REQUIREMENT: Using the data below, return word for word every line from the one holding "Editable 22 romantic" down to the one holding "Pastel Pink Cropped Polo". Leave pictures out.

DATA PROVIDED:
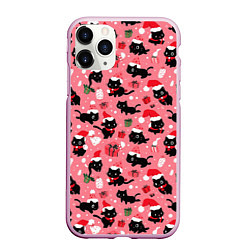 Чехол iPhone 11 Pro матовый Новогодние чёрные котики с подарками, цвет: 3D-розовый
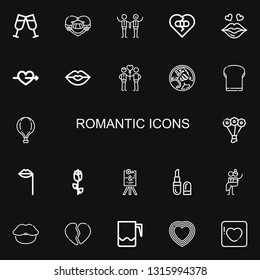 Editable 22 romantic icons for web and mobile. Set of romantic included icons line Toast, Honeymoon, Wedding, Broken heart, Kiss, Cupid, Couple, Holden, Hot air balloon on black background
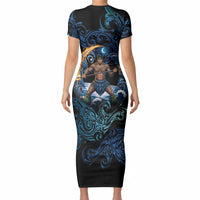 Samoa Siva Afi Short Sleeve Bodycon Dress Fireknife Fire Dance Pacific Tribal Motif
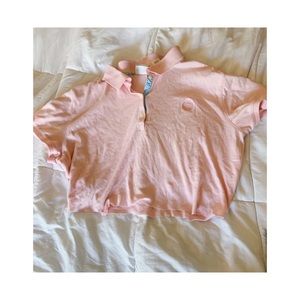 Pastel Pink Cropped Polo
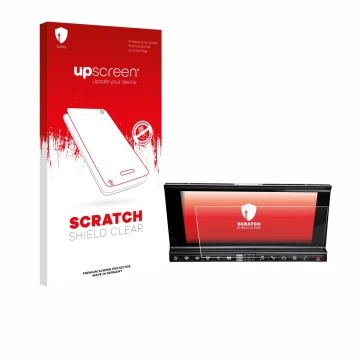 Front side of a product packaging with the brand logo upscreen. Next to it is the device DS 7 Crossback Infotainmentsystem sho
* * *
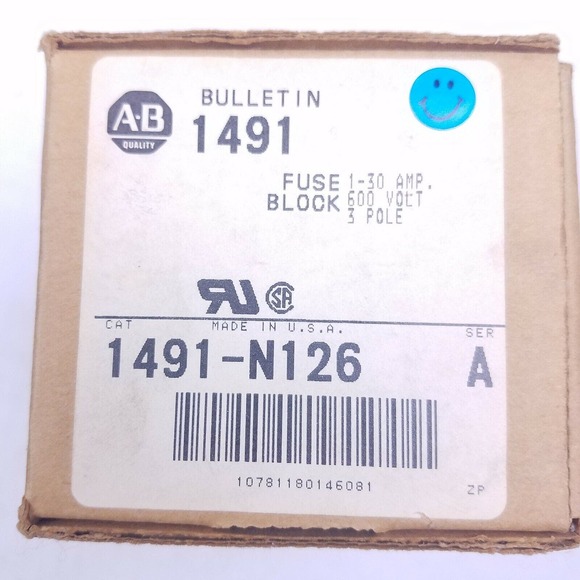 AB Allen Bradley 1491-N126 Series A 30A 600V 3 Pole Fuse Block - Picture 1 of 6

EXERCISE SOLUTION:
 Editable 22 romantic icons for web and mobile. Set of romantic included icons line Toast, Honeymoon, Wedding, Broken heart, Kiss, Cupid, Couple, Holden, Hot air balloon on black background
 Samoa Siva Afi Short Sleeve Bodycon Dress Fireknife Fire Dance Pacific Tribal Motif
 Pastel Pink Cropped Polo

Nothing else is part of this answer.